The company booked a net income of $1.9m for the three months to the end of September, up from $730,109 a year earlier. Operating income stood at $4.1m, versus $2.7m in the corresponding period in 2014.

Lower SG&A and marketing costs offset a fall in sales. Revenue dropped 13.7% to $7.6m. American Lorain pointed to a change in where it sources chestnuts for the canned chestnut products it sells in France. The business had been sourcing chestnuts from China. However, it switched to Japan after French technical body the CTCPA said the products must be made with chestnuts from Europe or Japan to be sold in France.

Over the first nine months of the year, American Lorain, which is listed in New York, run up a loss of $593,323, compared to net income of $4.7m a year earlier.

The loss came amid higher general and administrative expenses over the period.
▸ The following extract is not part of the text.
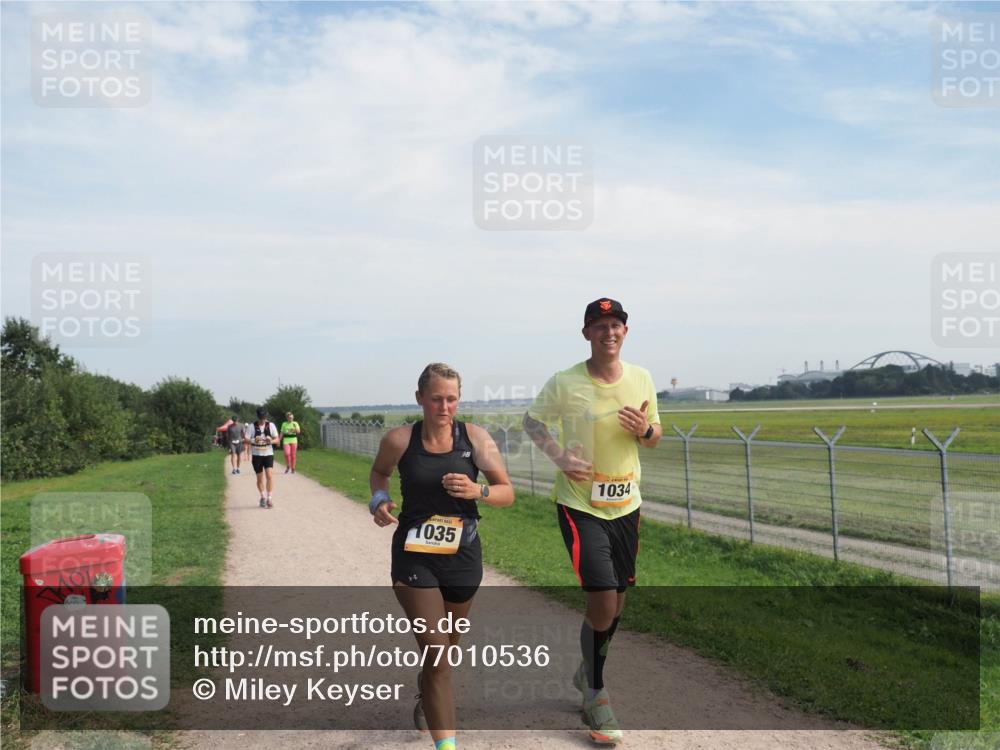 08.09.2024 - Airport Race Miley Keyser http://msf.ph/oto/7010536 08.09.2024 12:31:59 Laufen OLYMPUS, DIGITAL, CAMERA meine-sportfotos.de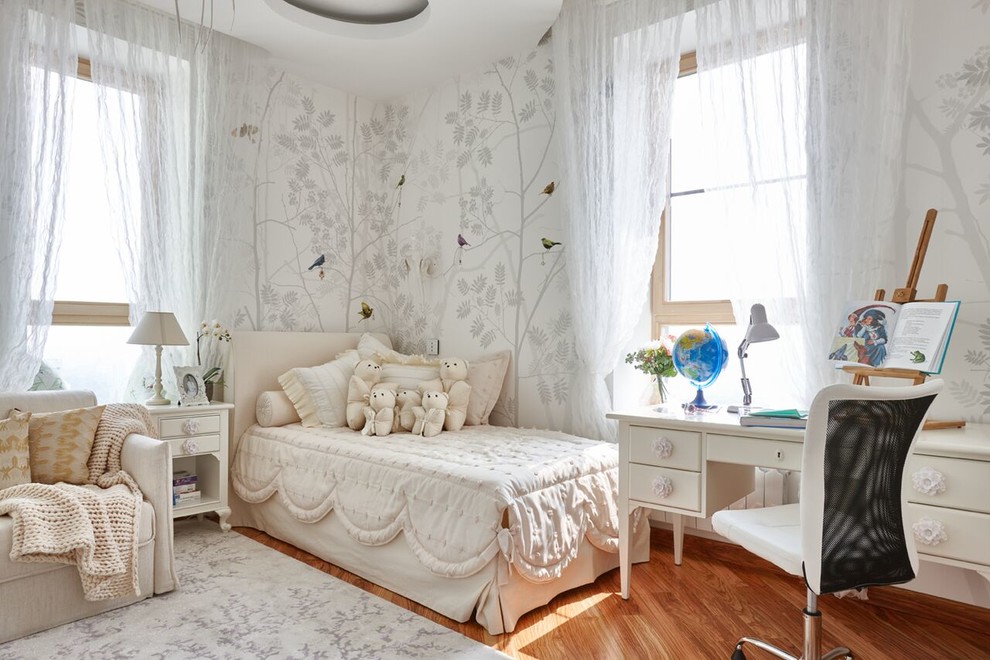 Klassisches Mädchenzimmer mit braunem Holzboden, Schlafplatz, bunten Wänden und orangem Boden in Moskau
Revenues increased 1.1% to $120.8m.

Reflecting on the third quarter and American Lorain’s efforts to expand, chairman and CEO Chen Si said: “We were so glad to see both our operating income and net income increased by 48% year-on-year and 157% year-on-year, respectively. During the third quarter, the company made tremendous progresses for our newly launched Youtiao product. And the company was also actively moving forward with new products for China breakfast market along with the other business segment. Our offices all around the country were working very closely with local dealers to promote all kinds of the product. The company continues to expand new sales channels to grow its customer base and increase its revenues. We will continuously devote ourselves to deliver the optimal returns to our shareholders in the future.”